[Opening INPUT MATERIAL section]
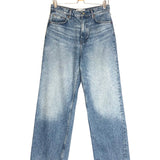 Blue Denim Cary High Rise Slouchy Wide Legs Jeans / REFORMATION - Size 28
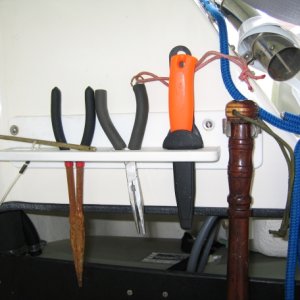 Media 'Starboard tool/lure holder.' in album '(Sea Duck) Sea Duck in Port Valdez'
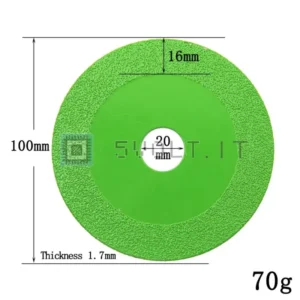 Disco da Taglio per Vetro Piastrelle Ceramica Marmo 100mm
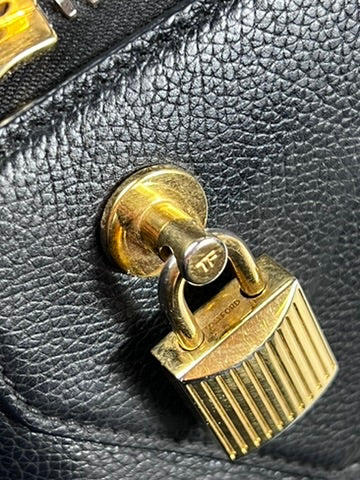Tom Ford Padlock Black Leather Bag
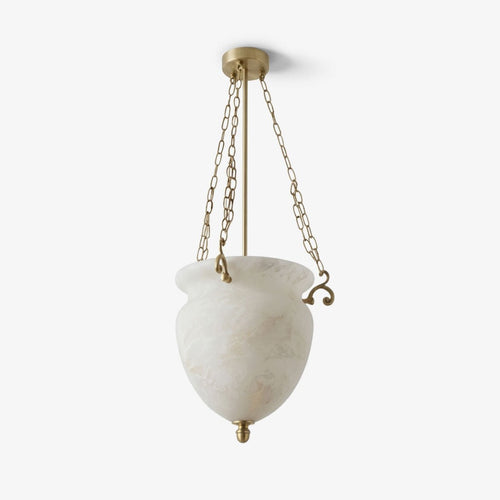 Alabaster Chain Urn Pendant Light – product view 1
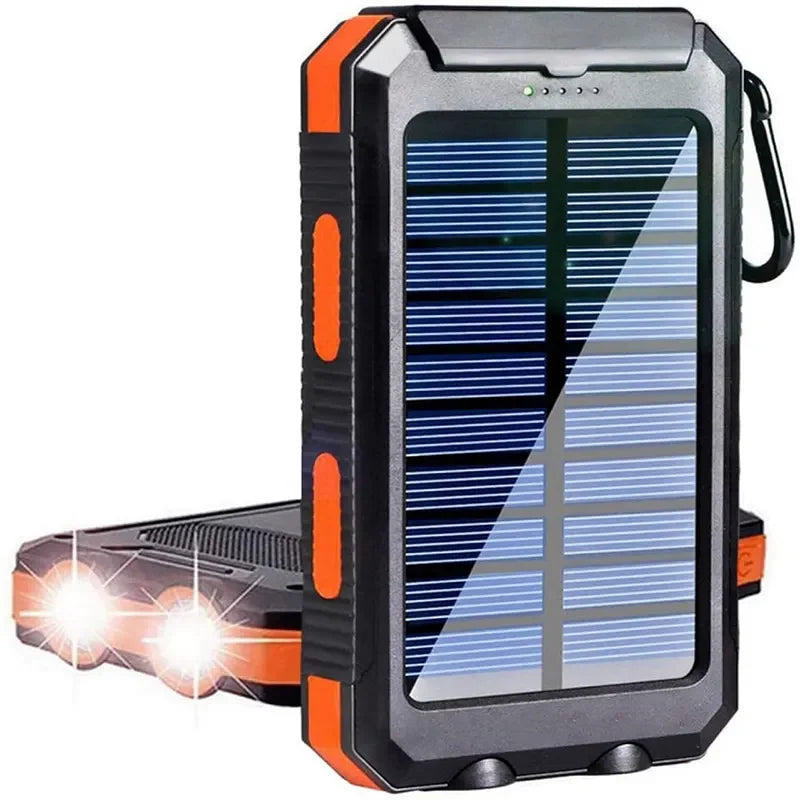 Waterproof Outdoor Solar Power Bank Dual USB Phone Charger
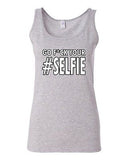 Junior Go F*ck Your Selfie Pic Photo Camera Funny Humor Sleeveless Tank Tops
[Closing INPUT MATERIAL section]
In the transcription, every picture is to be excluded and the records above given again exactly.

 Blue Denim Cary High Rise Slouchy Wide Legs Jeans / REFORMATION - Size 28
 Media 'Starboard tool/lure holder.' in album '(Sea Duck) Sea Duck in Port Valdez'
 Disco da Taglio per Vetro Piastrelle Ceramica Marmo 100mm
Tom Ford Padlock Black Leather Bag
 Alabaster Chain Urn Pendant Light – product view 1
 Waterproof Outdoor Solar Power Bank Dual USB Phone Charger
 Junior Go F*ck Your Selfie Pic Photo Camera Funny Humor Sleeveless Tank Tops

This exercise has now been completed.